Why? That is the question that hovers over this movie, and what is more one asks it twice. Joyride is a film starring Olivia Colman, an actress of great distinction whose career is riding high. So what was it that made her agree to appear in this totally inept piece? On top of that, what made anybody think that the screenplay by Aibhe Keogan was good enough to warrant filming it?

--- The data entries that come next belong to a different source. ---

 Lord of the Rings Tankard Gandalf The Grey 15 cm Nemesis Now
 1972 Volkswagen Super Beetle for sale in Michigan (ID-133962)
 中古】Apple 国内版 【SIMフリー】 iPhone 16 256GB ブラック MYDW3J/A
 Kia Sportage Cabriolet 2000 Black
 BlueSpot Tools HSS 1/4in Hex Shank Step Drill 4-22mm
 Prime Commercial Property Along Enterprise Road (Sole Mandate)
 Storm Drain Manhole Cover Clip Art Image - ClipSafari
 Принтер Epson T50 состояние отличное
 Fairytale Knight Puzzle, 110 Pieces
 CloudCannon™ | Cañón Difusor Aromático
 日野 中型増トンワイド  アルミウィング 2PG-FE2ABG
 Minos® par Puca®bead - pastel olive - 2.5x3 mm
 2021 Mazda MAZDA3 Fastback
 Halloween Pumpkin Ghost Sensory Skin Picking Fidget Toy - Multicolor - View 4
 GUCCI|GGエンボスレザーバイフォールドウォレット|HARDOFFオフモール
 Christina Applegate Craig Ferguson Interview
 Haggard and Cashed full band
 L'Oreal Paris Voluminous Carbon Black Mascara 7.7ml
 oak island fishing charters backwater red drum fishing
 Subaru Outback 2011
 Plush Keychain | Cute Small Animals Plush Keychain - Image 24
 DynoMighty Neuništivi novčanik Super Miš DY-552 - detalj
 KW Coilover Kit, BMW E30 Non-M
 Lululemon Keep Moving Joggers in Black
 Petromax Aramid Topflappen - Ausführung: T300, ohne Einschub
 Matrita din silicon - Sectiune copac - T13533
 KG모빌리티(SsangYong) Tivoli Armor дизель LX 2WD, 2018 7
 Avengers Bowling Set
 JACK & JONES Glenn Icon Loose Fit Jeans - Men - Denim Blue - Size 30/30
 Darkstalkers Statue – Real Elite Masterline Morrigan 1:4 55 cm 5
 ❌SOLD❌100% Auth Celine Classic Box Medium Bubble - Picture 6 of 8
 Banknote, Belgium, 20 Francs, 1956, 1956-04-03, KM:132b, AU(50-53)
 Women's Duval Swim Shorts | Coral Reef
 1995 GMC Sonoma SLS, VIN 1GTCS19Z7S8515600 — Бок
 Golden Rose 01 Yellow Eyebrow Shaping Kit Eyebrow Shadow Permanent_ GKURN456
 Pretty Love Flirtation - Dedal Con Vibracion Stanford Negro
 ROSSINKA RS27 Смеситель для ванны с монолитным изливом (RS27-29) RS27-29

Set in Ireland, Joyride can be thought of as a road movie centred on two characters who by chance come to share a journey. Thirteen-year-old Mully (Charlie Reid), whose mother has just died of cancer, confronts his trickster father (Lochlann Ó Mearáin) when he pinches money from a pub’s charitable fundraising. The boy then snatches the cash and drives off with it in a taxi. Lo and behold, he suddenly realises that there are passengers in the back seat of the cab in the form of a solicitor named Joy (that’s Colman’s role) and her recently born baby. He is heading for a ferry whereas she intends to deposit the baby with her sister (Aisling O’Sullivan) and then to catch a plane to Lanzarote. Since young Mully has stolen the taxi as well as being an underage driver, they could easily be stopped by the authorities and in any case Mully’s dad is soon in hot pursuit and thus another threat to them.

Olivia Colman and Charlie Reid
Given that Olivia Colman recently played a character lacking in maternal feelings in The Lost Daughter, you might see Joyride as offering her a role that could be seen as a decidedly different variation on her role in that film. But that only makes it the more extraordinary that Colman should have found the screenplay acceptable. With this material, the players never stood a chance. That said, young Charlie Reid is a newcomer of some promise. But, while he seems undaunted by his material, it’s a pity that the leading role that he has landed is in such a poorly conceived work.